■ **Record extracts**:
········

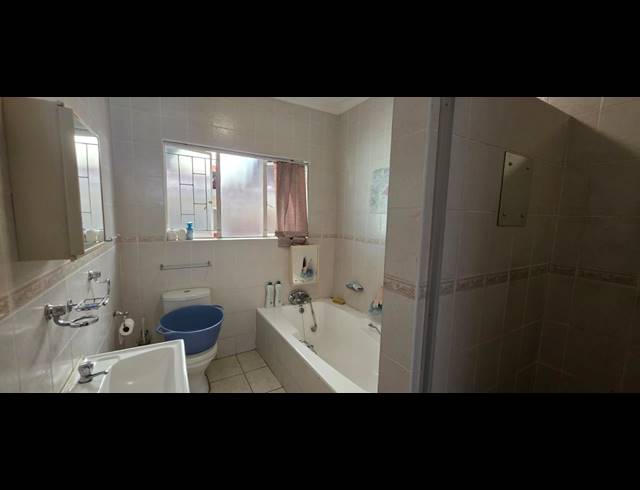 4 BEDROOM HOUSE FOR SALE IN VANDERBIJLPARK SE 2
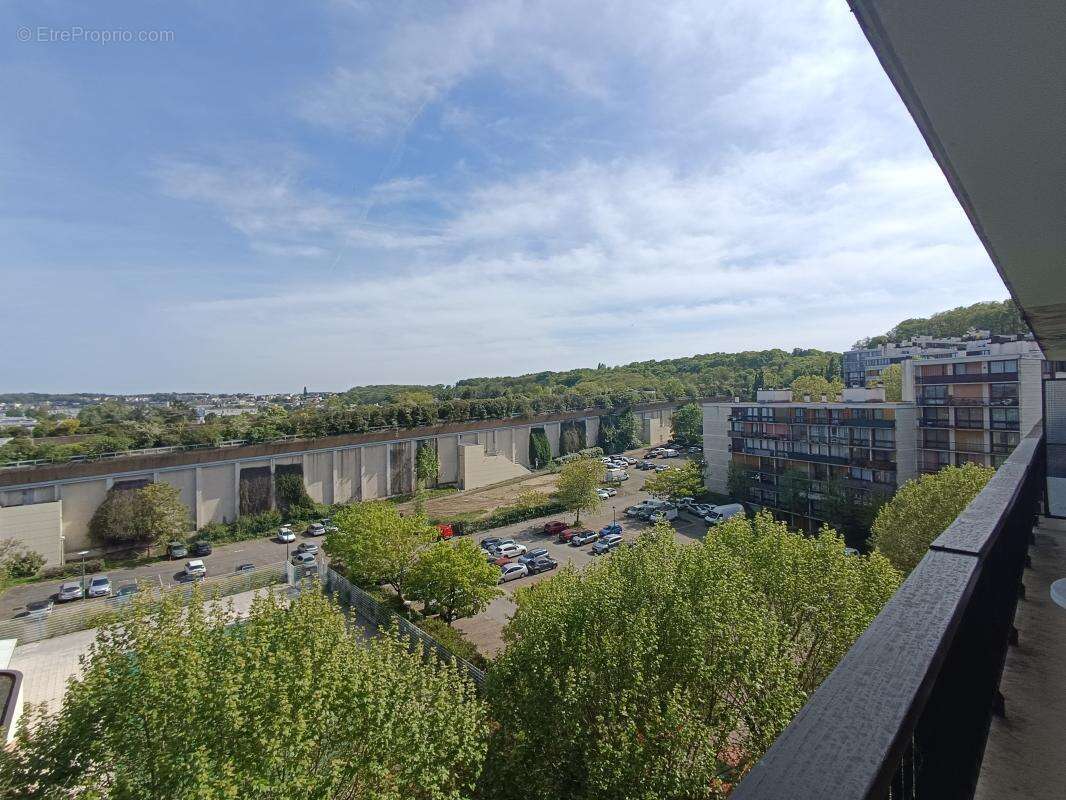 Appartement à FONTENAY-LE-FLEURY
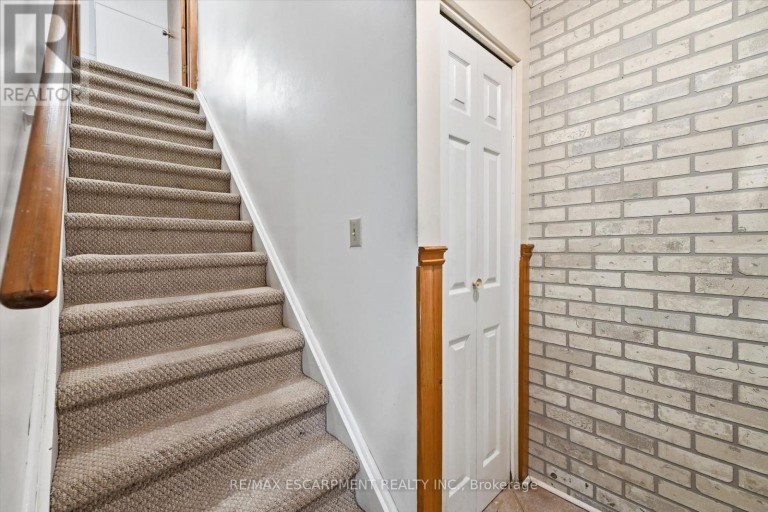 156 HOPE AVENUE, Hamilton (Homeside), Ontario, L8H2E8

········

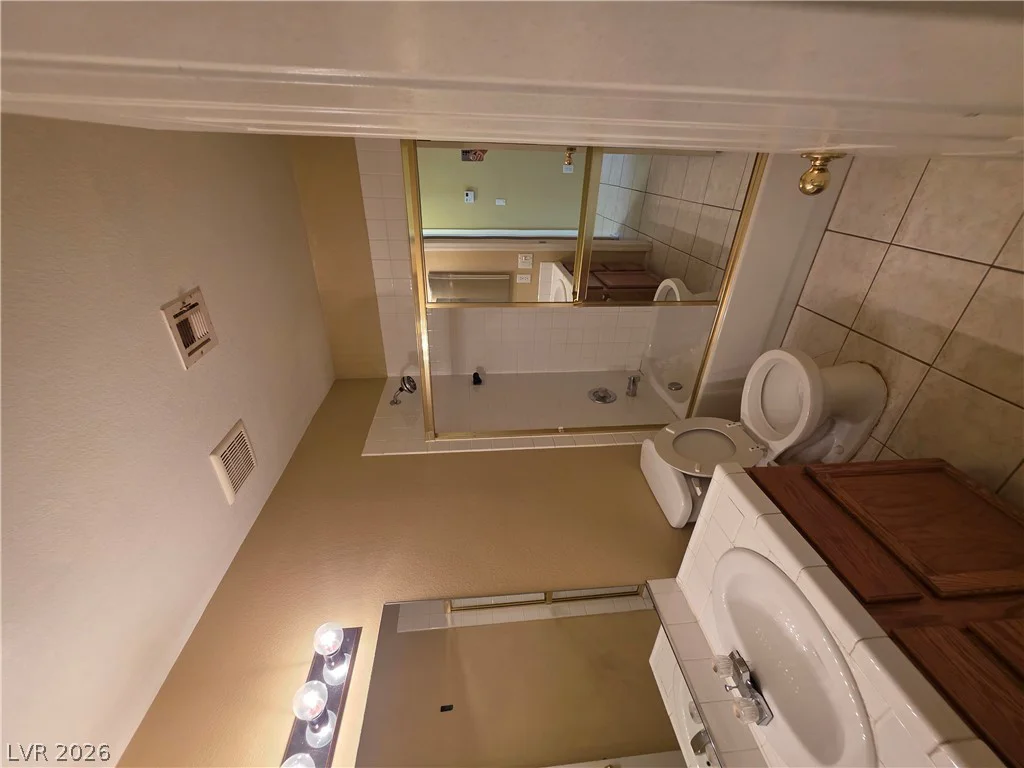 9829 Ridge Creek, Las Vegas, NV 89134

········

■ **What is expected**:
With the pictures omitted, restate word for word the lines above from the line that has "4 BEDROOM HOUSE" up to and including the line that has "156 HOPE AVENUE, Hamilton", and no other lines.

■ **Written solution**:
 4 BEDROOM HOUSE FOR SALE IN VANDERBIJLPARK SE 2
 Appartement à FONTENAY-LE-FLEURY
 156 HOPE AVENUE, Hamilton (Homeside), Ontario, L8H2E8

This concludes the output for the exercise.